Ganpat’s parents, originally from Guyana, a small country in South America, did not get a college education.
“It’s something my parents always wanted for me and I’ve always wanted for myself,” Ganpat said.
Nelson Mercado, a freshman criminal justice major, found himself in a similar situation.
Mercado’s mother, Elizabeth’s parents did not emphasize going to school enough when she was growing up.
“My sister and I did not have that push, so not having that motivation come from your parents, it kind of also took you off track,” she said.
When Elizabeth found out her son wanted to go to school and major in criminal justice, a passion of his, she was beyond excited.
Both Mercado and Ganpat decided to join a new program over the summer called Gen 1 when they came to Seton Hall.
Gen 1 is a newly formed summer program that focuses on the successful transition into college life for first generation students.
After seeing her son get involved in a summer program focused on first generation students, Elizabeth said everything felt right.
“I could tell in his eyes and his smile that he enjoyed it and how much he enjoyed meeting new people, teachers, and staff, it was very wonderful,” she said.
Robin Cunningham, dean of Freshman Studies and Academic Programs, Nicole Battaglia, director of First Year Initiatives, and Brandon Larmore, director of the Academic Resource Center, worked together to create this 10-day summer program.
“The program is a natural evolution of Seton Hall’s mission,” Cunningham said.
From the directors of the program, to the peer advisors, academic coaches, and guest speakers, all are first generation students.
“We wanted to have a specialized program to highlight them and make sure that they adjusted to the university smoothly,” Cunningham said of the Gen 1 students. “To pay attention to the students who might need a little more academic help and need attention to their financial situation.”

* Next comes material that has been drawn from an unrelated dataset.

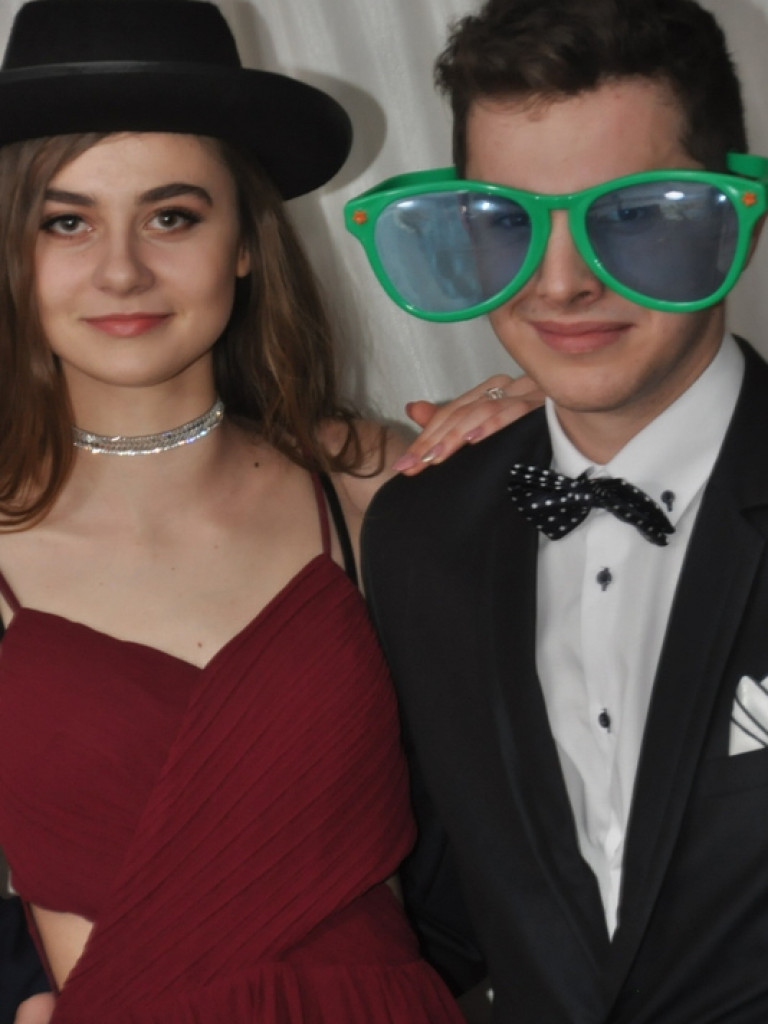Bal studniówkowy w LO im. ONZ w Biłgoraju (FOTO, VIDEO)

Since many advisors, professors and alumni resonate with Gen 1’s mission, the hours of work put into the program sends first generation students a message of compassion and understanding.

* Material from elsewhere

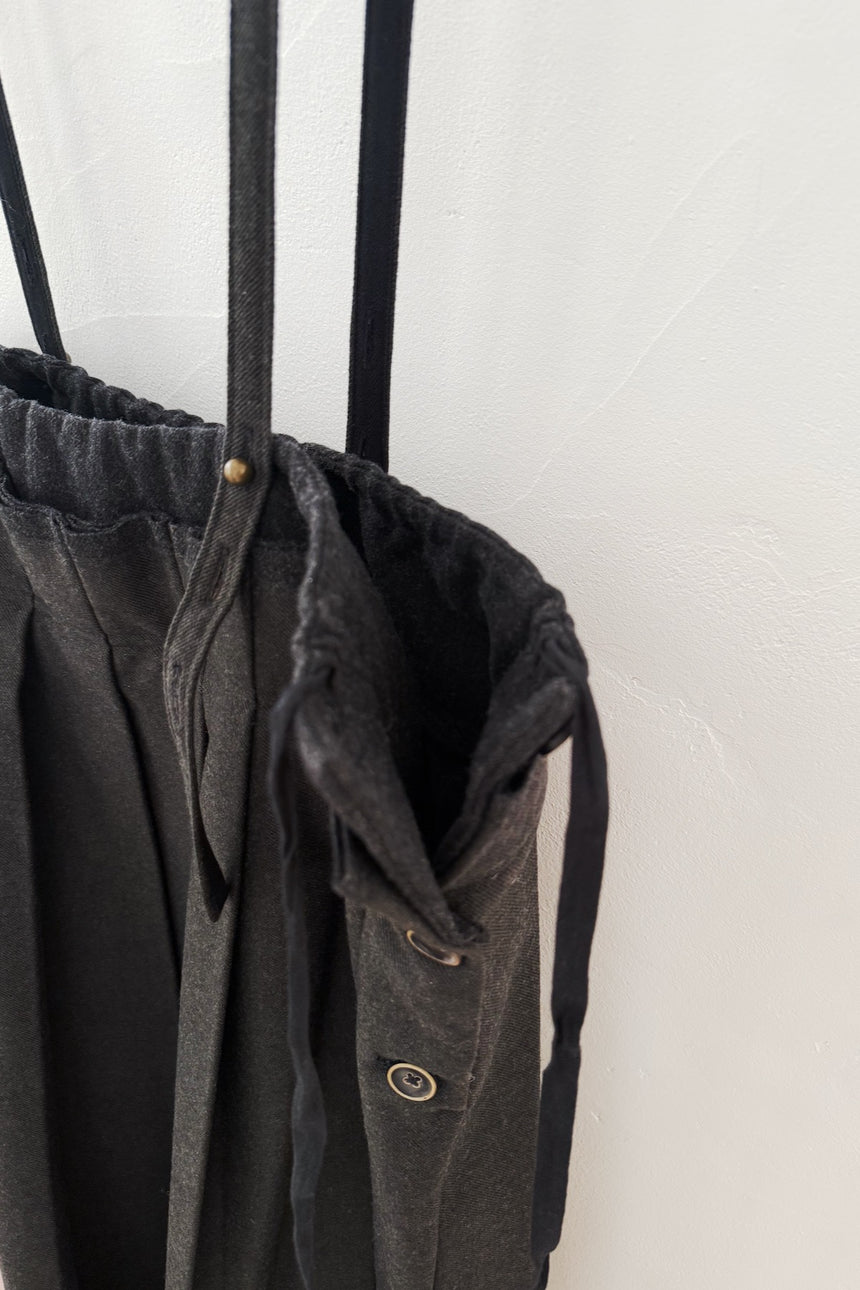 Gheer　サスペンダプリーツースカート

“We understood what it was like to be a first [generation] student and we wanted to be able to develop a program that would really help answer some of the questions that these first generation students have that maybe weren’t being answered right away,” Battaglia said.
Students took part in panels with guest speakers including Omayra Arocho, assistant dean of College Engagement and Community Development at SHU. They also took a day trip to see a Broadway show, did a scavenger hunt and got involved in community service projects. Gen 1 offered a number of resources for these students as a way to ease and prepare them for their transition into college life.

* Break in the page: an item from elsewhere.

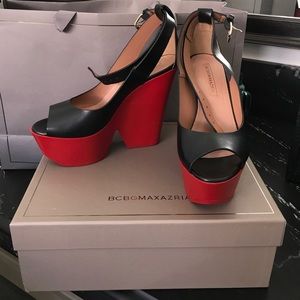 BCBG Maxazaria Kyara platform wedges 8.5 38.5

Ruben Antunez, a peer advisor for Gen 1, faced similar challenges many first generation students experience. Since being an active leader in Gen 1, he said he is grateful to be able to connect with other first generation students and stand as a role model for them.
“Sometimes all you want as an incoming student [is] to know that somebody else has been through the same thing as you,” Battaglia said.
Battaglia and Cunningham said they hope Gen 1 will grow and reach even more first generation students who seek understanding and guidance in the near future.